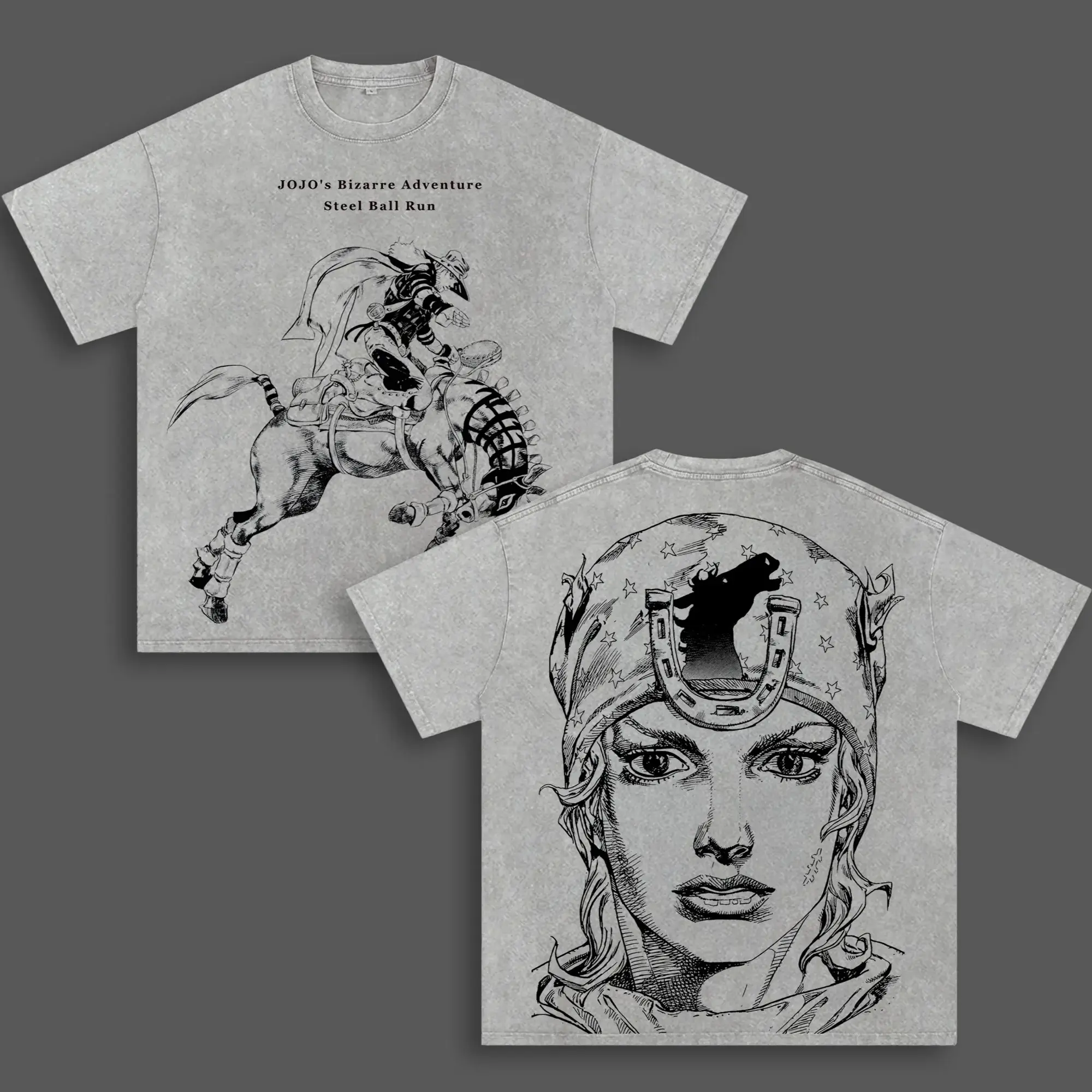 JoJo's Bizarre Adventure: Steel Ball Run Vintage Washed Graphic Tee - Double-Sided Print, Unisex Oversized Heavyweight Cotton Anime Manga T-Shirt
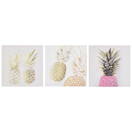 Leinwandbild rosa / gold Ananas-Motiv 3er Set 30 x 30 cm APESIKA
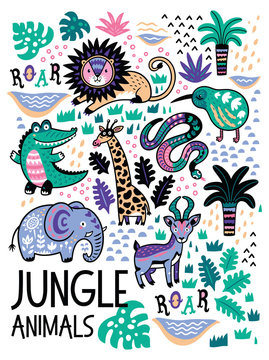 Fashion safari seamless pattern with jungle animals in vector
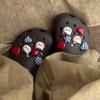 Encantos de Zapato de Botón Azules a Cuadros con Temática de Gatos Artísticos con Lindos Diseños de Estrella y Corazón, Decoraciones de Zapato Removibles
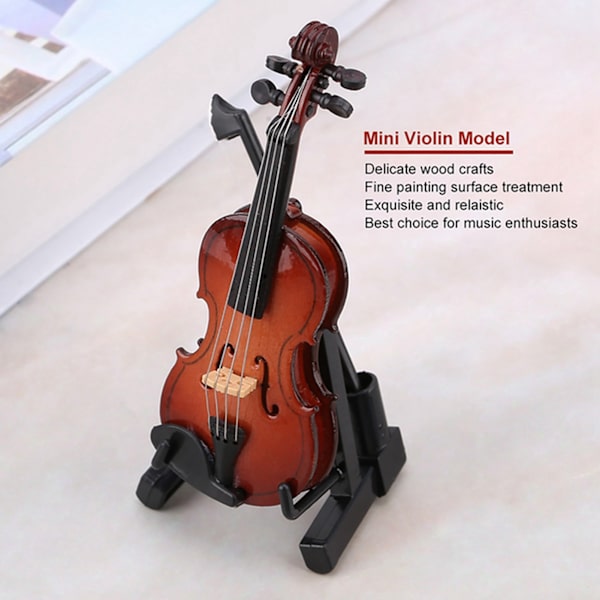 Miniatyr Fiol Modell med Stativ Fodral Dockhus Tillbehör Mini Musikinstrument Dekor Present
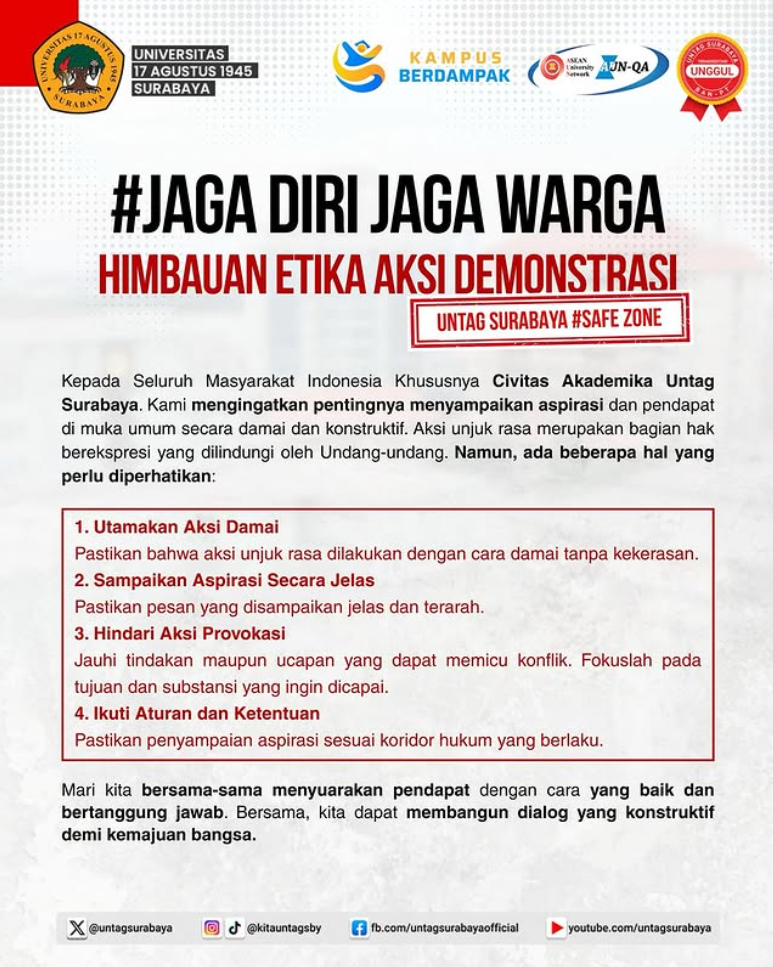 #Jaga Diri Jaga Warga, Himbauan Etika Aksi Demonstransi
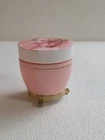 VTG MCM Avon Pink Milk Glass Lady Empty Sachet Jar Gold Tone Metal Base & Ring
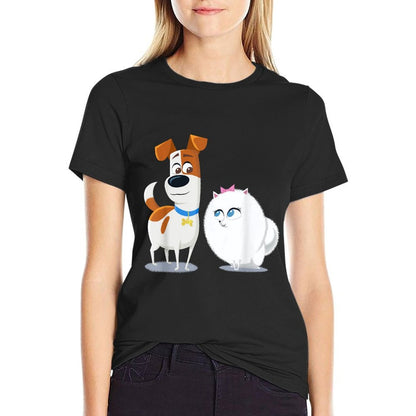 The Secret Life of Pets 2 Max And Gidget Fluff Love  Heathered Texture T-Shirt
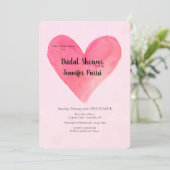 Big Heart Bridal Shower Invitaties Kaart (Staand voorkant)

What needs to be done: Return all the records exactly, excluding images.

Result of this task:
 JoJo's Bizarre Adventure: Steel Ball Run Vintage Washed Graphic Tee - Double-Sided Print, Unisex Oversized Heavyweight Cotton Anime Manga T-Shirt
 Leinwandbild rosa / gold Ananas-Motiv 3er Set 30 x 30 cm APESIKA
 Fashion safari seamless pattern with jungle animals in vector
 Encantos de Zapato de Botón Azules a Cuadros con Temática de Gatos Artísticos con Lindos Diseños de Estrella y Corazón, Decoraciones de Zapato Removibles
 Miniatyr Fiol Modell med Stativ Fodral Dockhus Tillbehör Mini Musikinstrument Dekor Present
 #Jaga Diri Jaga Warga, Himbauan Etika Aksi Demonstransi
 VTG MCM Avon Pink Milk Glass Lady Empty Sachet Jar Gold Tone Metal Base & Ring
 The Secret Life of Pets 2 Max And Gidget Fluff Love  Heathered Texture T-Shirt
 Big Heart Bridal Shower Invitaties Kaart (Staand voorkant)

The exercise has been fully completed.